Revenue arising from the sale of software products is recognised when the customer has accepted the goods and the related risks and rewards of ownership. Revenue is stated after deduction of any trade discounts.

(iii) Professional service fees

Professional service fees represent fees for the provision of IT engineering services and are recognised when the underlying professional services are rendered.

(iv) Training fees

Training fees represent income earned from the provision of training courses, which is recognised when the related courses are held.
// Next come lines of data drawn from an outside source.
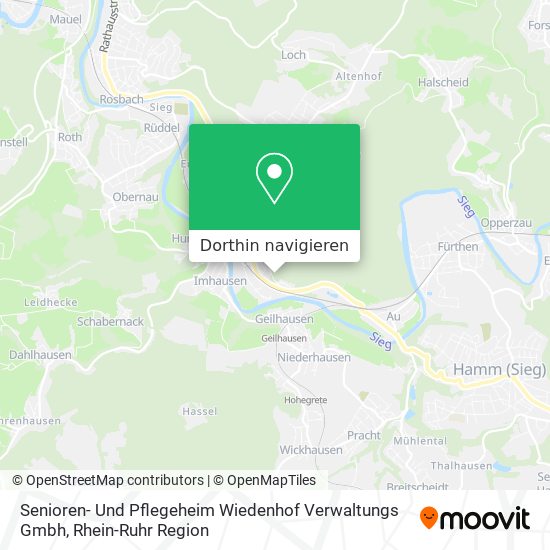 Senioren- Und Pflegeheim Wiedenhof Verwaltungs Gmbh Karte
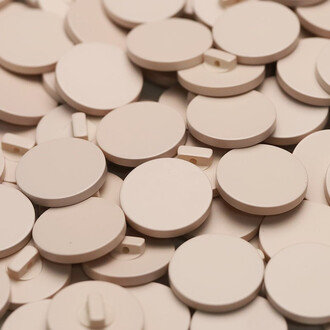 Пуговица Круглая LuxFabric на ножке пластик 18 мм 1 шт. Розовый светлый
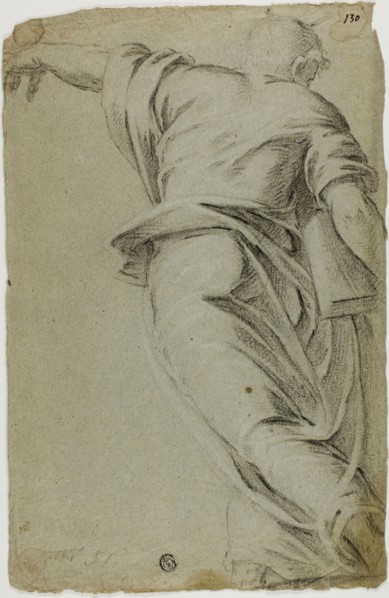Moses Striding to the Left, Pointing with Left Hand, n.d., After Jacopo Robusti, called Tintoretto,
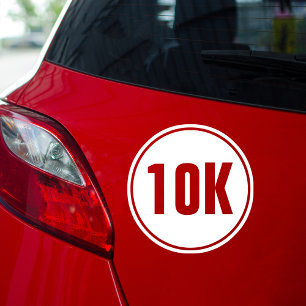 10K Marathon Classic Round Sticker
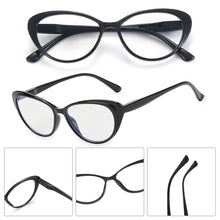 Load image into Gallery viewer, Retro Gaming Cat Eye Computer with Spring Hinges Readers Anti Glare UV Eyestrain Reading Glasses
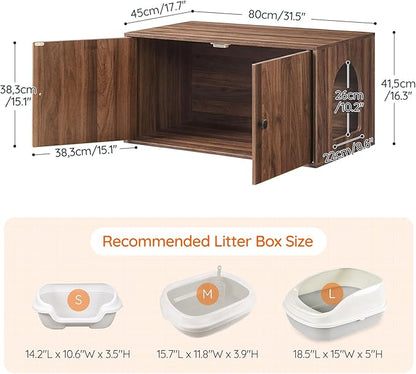 HOOBRO Cat Litter Box Enclosure, Hidden Litter Box Furniture - Image 5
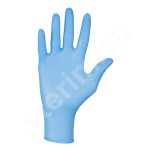 rękawiczki nitrylowe ochronne niebieskie Mercator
Notes to the Financial Statements

(Expressed in Hong Kong dollars)

2. SIGNIFICANT ACCOUNTING POLICIES - continued

(j) Revenue recognition - continued

(v) Technical support fees

Technical support fees represent income arising from the provision of maintenance and installation services, which is recognised when the underlying services are rendered.

(vi) Interest income

Interest income from bank deposits is accrued on a time-apportioned basis on the principal outstanding and at the rate applicable.

(k) Warranty costs

Warranty costs are charged to the profit and loss account as and when incurred.

(l) Operating leases

Rental payable under operating leases is accounted for in the profit and loss account on a straightline basis over the periods of the respective leases.

(m) Retirement benefits

Contributions to retirement benefit schemes are charged to the profit and loss account as and when incurred.

(n) Deferred taxation

Deferred taxation is provided using the liability method in respect of the taxation effect arising from all material timing differences between the accounting and tax treatment of income and expenditure, which are expected with reasonable probability to crystallise in the foreseeable future.
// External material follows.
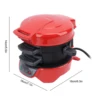 3 in 1 Breakfast Sandwich Maker Professional Fast Heat Up Automatic Temperature Control Prevents Stick Electric Burger Maker 4
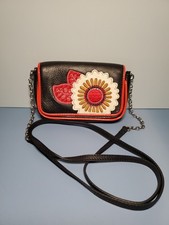 Brighton Gilly Flower Leather Crossbody Bag with Detachable Strap picture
Future deferred tax benefits are not recognised unless their realisation is assured beyond reasonable doubt.

(o) Translation of foreign currencies

Foreign currency transactions during the year are translated into Hong Kong dollars at the exchange rates ruling at the transaction dates. Monetary assets and liabilities denominated in foreign currencies are translated into Hong Kong dollars at the exchange rates ruling at the balance sheet date. Exchange gains and losses are dealt with in the profit and loss account.

The results of subsidiaries outside Hong Kong are translated into Hong Kong dollars at the average exchange rates for the year; balance sheet items are translated at the rates of exchange ruling at the balance sheet date. The resulting exchange differences are dealt with as a movement in reserves.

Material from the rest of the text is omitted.